Plötzlich die Erlösung! Wir entdecken einen Buckelwal! Eine Majestät von Tier. So gigantisch und trotzdem so elegant. Der ganze Schmerz scheint vergessen. Dieser Anblick bringt Freude und Wärme! Die Zeit vergeht wie im Flug und doch verfolgen wir eine Stunde lang den Kurs des Buckelwales. Ein Traum geht in Erfüllung. Ich kann einen Wal in freier Natur sehen. Ich bin glücklich!

Die Rückfahrt verbringen wir im warmen Inneren des Schiffs. Die meisten Reisenden liegen hier mit den Köpfen auf den Tischen. Die Nebenwirkung der Tablette war für sie zu stark. Die Kotztüten werden zum Kopfkissen umfunktioniert. Ein herrlicher Anblick! Begleitet wird das Schauspiel von einem Vortrag zum Thema Wale, Walbeobachtung und Walfang. Was ich von Walfang halte, ist bestimmt ersichtlich.

Eine Möwe fliegt über die glatte Wasseroberfläche eines stillen Ozeans.
Vogelfotografie hat auch was
Ein Buckelwal taucht in einem ruhigen Ozean auf, während ein Wasserstrahl aus seinem Blasloch austritt.
Was für ein Erlebnis!
Ein Buckelwal taucht aus dem Wasser und zeigt seine Fluke während einer Walbeobachtungstour auf dem Ozean.
Warum sollte man so eine Schönheit essen?
Ein Buckelwal taucht in einem ruhigen Ozean auf, seine Schwanzflosse ist sichtbar.
Und tschüss!

Wir sitzen im Auto und fahren Richtung Süden. Wir nehmen morgen den ersten Flug nach Deutschland. Unser geliebtes Auto müssen wir heute Abend am Flughafen Keflavik abgeben. Der geplatzte Traum meiner Freundin – die Blaue Lagune – liegt nicht unweit des Flughafens. Sie möchte ihren Traum zumindest sehen, wenn sie schon nicht darin badet. Und ich habe da noch eine andere Idee.

Wir fahren auf die Straße Richtung Blaue Lagune. Unmittelbar nachdem wir das Gefahrengebiet erreichen, vibriert unser Handy. Es ist eine automatisierte Warn-SMS, die uns meldet, dass wir in einem Vulkangebiet sind und wir wachsam sein sollen. Unsere Vorsicht scheint tatsächlich nicht unbegründet zu sein.

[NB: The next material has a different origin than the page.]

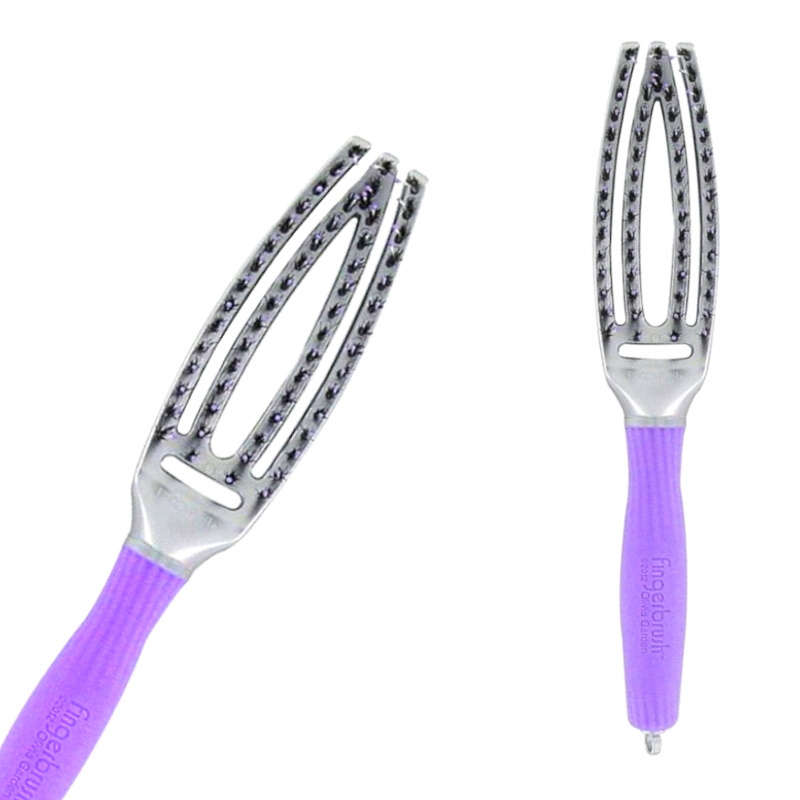Olivia Garden Finger Brush S fioletowa Olivia Garden Finger Brush S fioletowa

Überall dampft es. Das ist nicht der Vulkan. Im Land von Eis und Feuer brodelt es auf natürliche Art und Weise. Neben der Blauen Lagune liegt ein Geothermie-Kraftwerk. Der heiße Dampf wird genutzt. Die heißen Quellen speisen die Blaue Lagune auch mit der Wärme. Das blaue Wasser liefert der Boden. Schuld daran hat der Salzgehalt des Wassers. Deshalb ist es so gut für die Haut. Zumindest behaupten das die Isländer. Während ich das Dampfspektakel in der kargen Landschaft genieße, verfällt meine Freundin der Schönheit des blauen Wassers. Sie verflucht und beleidigt den Vulkan. Wenn er schon ausbricht, soll er wenigstens den Flugverkehr lahmlegen, damit sie hier länger bleiben kann. Zornig schaut sie auf den Vulkan. Meine Bemerkung, so schlimm sei es ja nicht, ich war hier bereits baden, trägt nicht zur Ermunterung bei. Sie sieht ihren blauen Traum und schwört sich, sie kommt wieder. Ich betrachte den Vulkan währenddessen und versinke in die Tiefen meiner Faszination.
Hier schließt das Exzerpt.